From the moment the bus pulled into the village of Purmamarca, I knew I was going to like it despite the immediately obvious tourist presence. It is located in the stunning
Quebrada de Humahuaca, a region in the Argentine northwest that is known for its colorful mountains. A pastel version of each of the primary colors is represented in the beautiful
Cerro de Siete Colores (Hill of the Seven Colors), which towers over the village of Purmamarca. The narrow streets are lined with shops displaying local crafts, and the pleasant, shady local plaza is full of vendors and young hippie kids playing music and juggling. Especially in Argentina, there is a large culture of young travelers, many of whom finance their adventures by selling jewelery or playing music.I stayed in a dorm room at the Hosteria Bebo Vilte, which is a perfectly acceptable place (criteria: hot shower, beds not too concave, warm enough that I don´t see my breath in bed at night) except for the fact that the owners genuinely seem to hate their guests and you have to slink around hiding from them so as not to be snapped at for simply being there. Bizarre.
Also staying in the dorm was a really cool Argentine named Matias, who lives

in Buenos Aires but is on a life-changing spiritual quest to Machupicchu and back. He and I clicked almost instantly; he´s one of those people that I felt as if I had known forever after the first fifteen minutes. After night fell, we made a precarious climb up a nearly sheer mountainside made of crumbling rocks and cacti (not the easiest climb to say the least) so that he could take photographs of the village from above. With the long exposures of nighttime photography, he quickly ran out of battery power in his camera. In one of those beautiful moments of synchronicity, we discovered that my camera takes the same kind of rare battery, and he was able to continue with the project. He took some stunning photos which I will post when he sends them to me, including one of the best photos that´s ever been taken with me in it--a long exposure of the two of us dimly lit by the distant city lights, with the mountains rising up in the background and the sky punctuated by brilliant stars.

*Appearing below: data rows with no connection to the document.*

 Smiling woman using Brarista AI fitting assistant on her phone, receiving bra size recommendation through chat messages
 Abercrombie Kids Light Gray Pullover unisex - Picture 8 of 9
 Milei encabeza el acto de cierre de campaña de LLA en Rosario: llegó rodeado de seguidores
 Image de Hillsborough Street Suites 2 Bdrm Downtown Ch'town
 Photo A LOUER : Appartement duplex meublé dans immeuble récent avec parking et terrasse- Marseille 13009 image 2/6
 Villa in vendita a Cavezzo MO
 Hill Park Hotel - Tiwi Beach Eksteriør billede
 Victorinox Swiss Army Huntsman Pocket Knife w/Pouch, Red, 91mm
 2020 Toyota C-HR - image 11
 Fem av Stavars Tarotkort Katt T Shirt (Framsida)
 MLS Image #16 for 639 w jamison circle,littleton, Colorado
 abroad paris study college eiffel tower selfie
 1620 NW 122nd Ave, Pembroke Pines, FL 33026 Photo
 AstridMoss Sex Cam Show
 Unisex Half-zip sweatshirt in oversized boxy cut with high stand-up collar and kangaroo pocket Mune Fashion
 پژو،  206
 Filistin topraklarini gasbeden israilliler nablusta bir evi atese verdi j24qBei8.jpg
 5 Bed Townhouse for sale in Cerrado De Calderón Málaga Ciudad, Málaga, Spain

The next day I awoke to an incredible sandstorm. The wind was so strong that at times I couldn´t see more than a few feet in front of me on the street, and the power went out in the entire village. I wandered off the dusty streets and into the home of a local artisan named Gonzalo Rafael Alvarez, who specializes in carving wood slabs into stamps and then making prints with them. He lives in his house with his daughter and partner, surrounded by his artwork and his broad collection of books. We had a fascinating conversation in which he pulled down a number of the books from their shelves to illustrate different points--everything from the iconography of traditional Argentinian graphic art to the art collection of the
Museo del Prado in Spain. Perhaps the wind howling outside contributed heavily to the otherworldy atmosphere, but it was one of those pivotal conversations in life that has the power to forever alter one´s perception--in this case, my perception of art itself. Not only did I end up buying several prints, but I also purchased several of the original stamps he had carved. It would not surprise me to see his work in a museum someday and, aside from my ATM card, these carvings are now my most closely guarded possessions.
Around sunset the heaviest of the winds had abated, and Matias and I got a bottle of Argentine red wine and climbed up to a vista point at the edge of town to watch the sunset and see what the night sky would be like with no lights coming from the village. There is only one other time in my life that I have seen a sky more bliss-inducing than the one over Purmamarca last night, and that was when I stayed in a mud hut on the cliffs over the Indian Ocean in South Africa. There is something about the sky above the Southern Hemisphere that is absolutely magical to me. I think that maybe because I only recognize two of the constellations (as opposed to the Northern Hemisphere, where most of them are at least familiar), my brain is blown wide open by the sheer immensity of it all. After lying on our backs staring upwards for a good long time, we walked down to enjoy a delicious dinner in the plaza.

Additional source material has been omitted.